Park Jae Hyun, Tai Kiyoshi, Sato Yasumori
Postgraduate Orthodontic Program, Arizona School of Dentistry & Oral Health, A.T. Still University, USA.
Int J Orthod Milwaukee. 2013 Spring;24(1):37-42.
A 12-year-old female with Klippel-Feil syndrome (KFS) combined with Turner syndrome (TS) and a submucous cleft palate (CP) was presented. The patient reportedly had TS and had received growth hormone (GH) therapy. Because of her skeletal Class III pattern with a steep mandibular plane angle, facial asymmetry, and fused cervical vertebrae, the effects of the GH on her craniofacial complex needed to be considered at the start of orthopedic/orthodontic treatment. To manage submucous CP with severe maxillary deficiency, a rigid external distraction (RED) device was used.
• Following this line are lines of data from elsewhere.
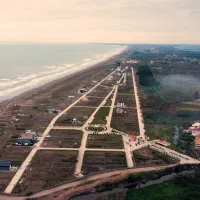 فروش زمین شهرکی نگین منطقه ازاد انزلی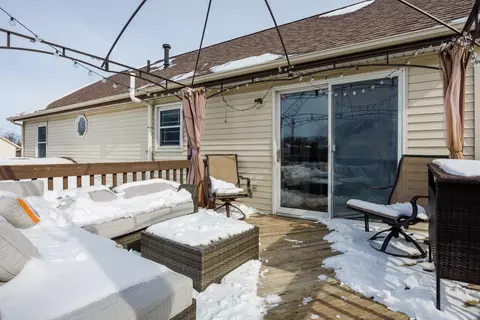 Exterior - 205 N Blair Dr, Normal, IL 61761 photo 7 of 9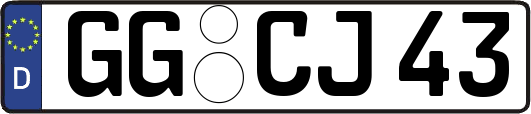 GG-CJ43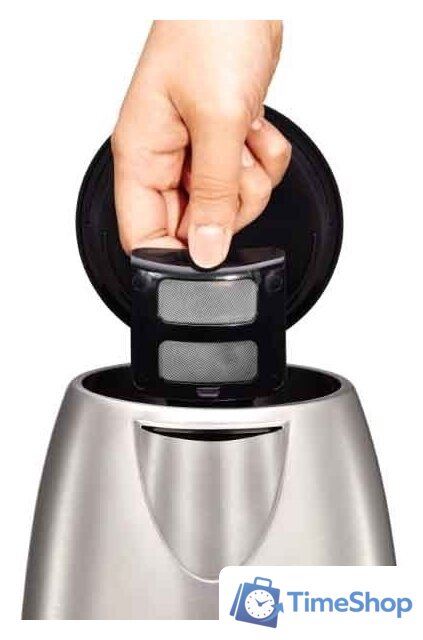 Электрический чайник Tefal KI270D30 - Изображение №2 — Интернет-магазин Time-Shop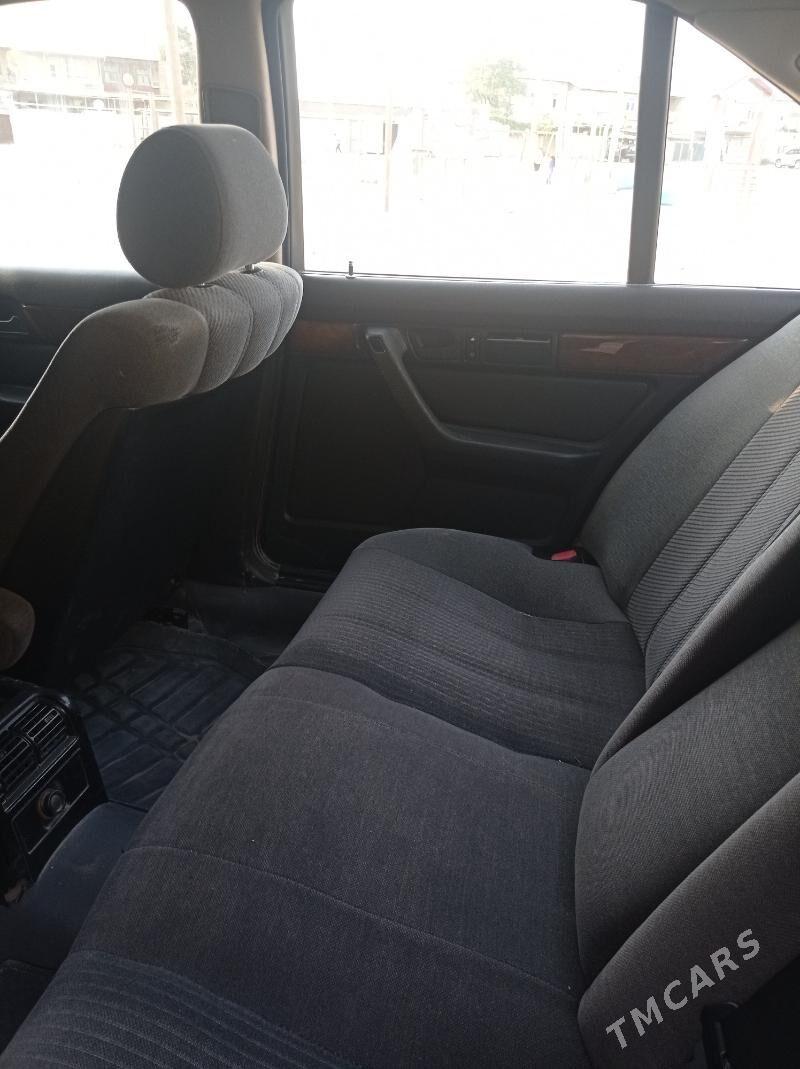 BMW 525 1994 - 72 000 TMT - Махтумкули - img 7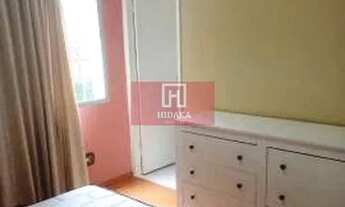 Imagem 7: Apartamento à venda no bairro Brooklin - São Paulo/SP, Zona Sul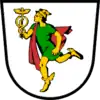 Coat of arms of Idrija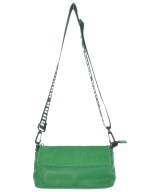 HIROKO KOSHINO TRUNK ショルダーバッグ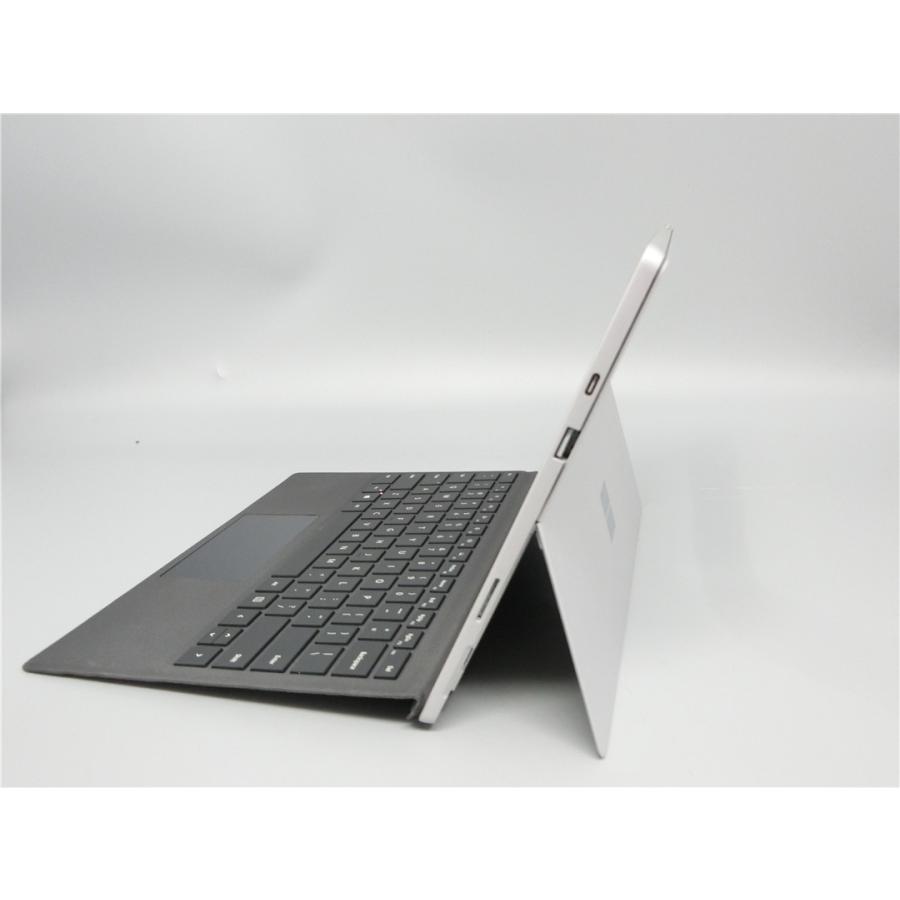 送料無料 保証付 Microsoft タブレット Surface Pro 5 (1796) 中古美品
The total active treatment time was 34 months including distraction osteogenesis (DO). Treatment improved both her occlusion and facial appearance.
本文报告了一名12岁女性,患有Klippel-Feil综合征(KFS)合并特纳综合征(TS)及腭裂(CP)。据报道,该患者患有TS并接受过生长激素(GH)治疗。由于其骨骼Ⅲ类错牙合畸形、下颌平面角陡峭、面部不对称以及颈椎融合,在开始正畸/正颌治疗时,需要考虑GH对其颅面复合体的影响。为治疗严重上颌骨发育不全的腭裂,使用了坚固外部牵张(RED)装置。包括牵张成骨(DO)在内的总积极治疗时间为34个月。治疗改善了她的咬合关系和面部外观。